Like many in our community, and most funders, the Bonfils-Stanton Foundation has worked to respond to the impact of COVID-19, and is appalled by the scourge of racism in our country, and our community. We have a moral obligation to respond to both “plagues”, in a way that best aligns with our mission, which focuses on arts and culture, as well as nonprofit leadership in metro Denver.

We realize that as a Foundation we have our own legacy of White privilege and must do all we can to be an anti-racist organization. This is a path the Foundation has been on for several years, with a wide array of actions taken, and strong support from the Foundation’s Board.

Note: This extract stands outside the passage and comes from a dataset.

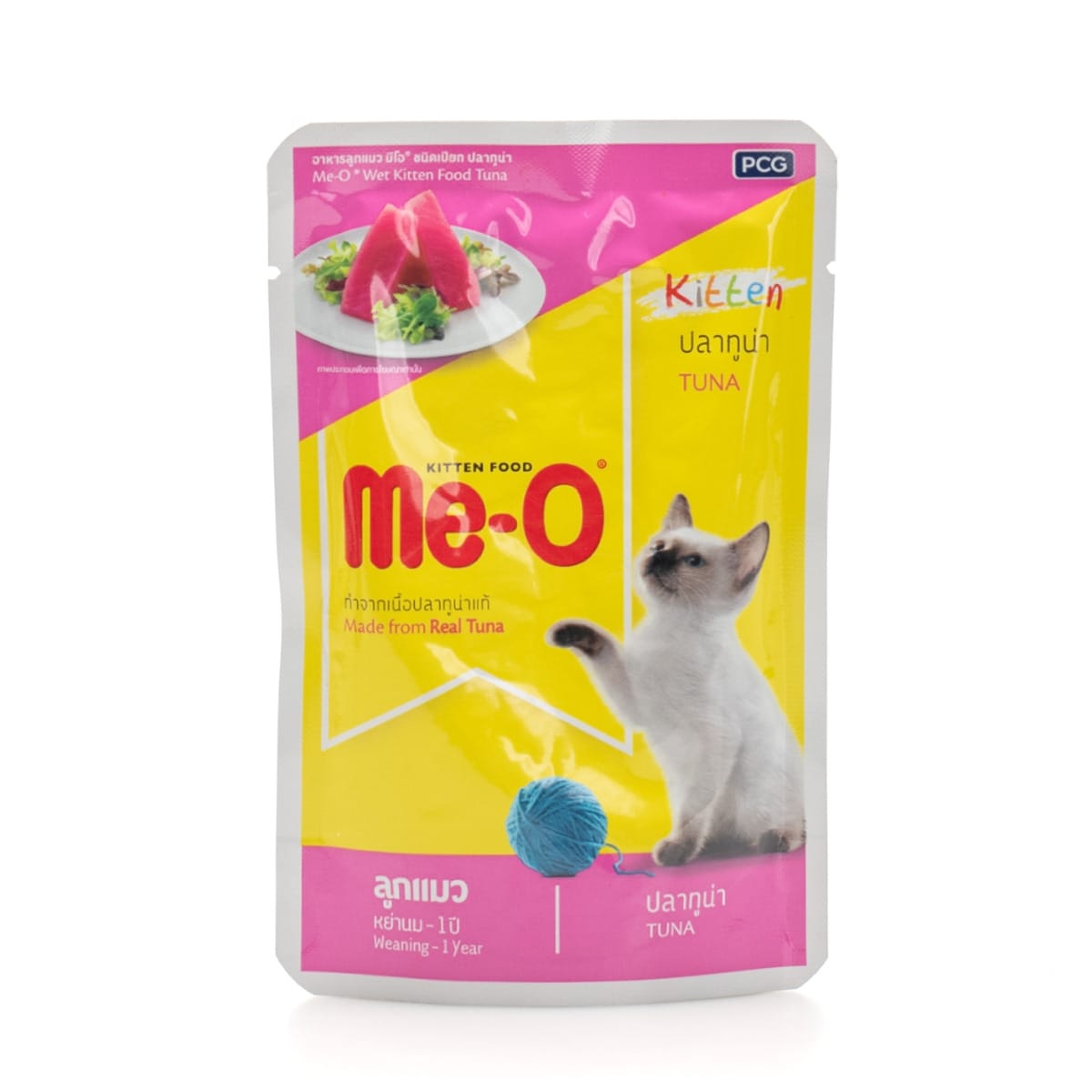 Me-O มีโอ เพาซ์อาหารลูกแมว รสปลาทูน่า 80 G | Pet 'N Me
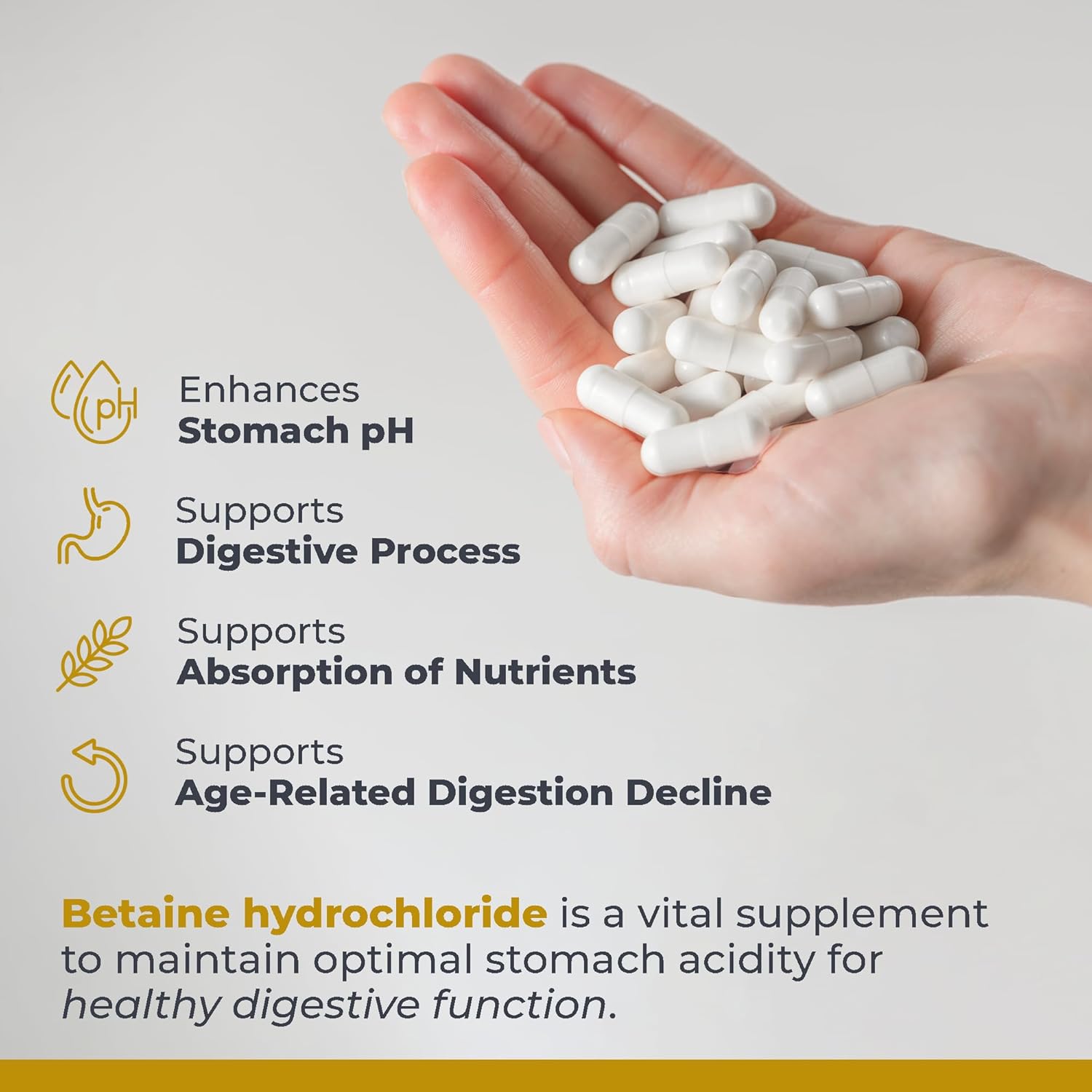 Premier Research Labs Premier HCL - Betaine HCL, Betaine Hydrochloride Supplement for Optimal Digestive Function, Nutrient Absorption, Betaine-HCL for Low Stomach Acid- 90 Vegetarian Capsules (2 Pack)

“This is a time to re-examine practices, to take bold action to reassess our priorities and practices,” says Gary Steuer, Bonfils-Stanton Foundation President & CEO, “to look at what more we could be doing. We have already developed an immediate response to the COVID-19 crisis affecting the arts, first with some immediate emergency grants in March, and then with a lead $1 million gift to create the COVID-19 Arts & Culture Relief Fund, which has seen over $600,000 in additional gifts. In April we also made an array of equity-based changes in our grantmaking, including a new program that funded for the first time 19 small organizations that are led by and serving BIPOC people or other historically marginalized communities.”

Some of the other equity-related changes in our grantmaking that have already taken place are articulated here.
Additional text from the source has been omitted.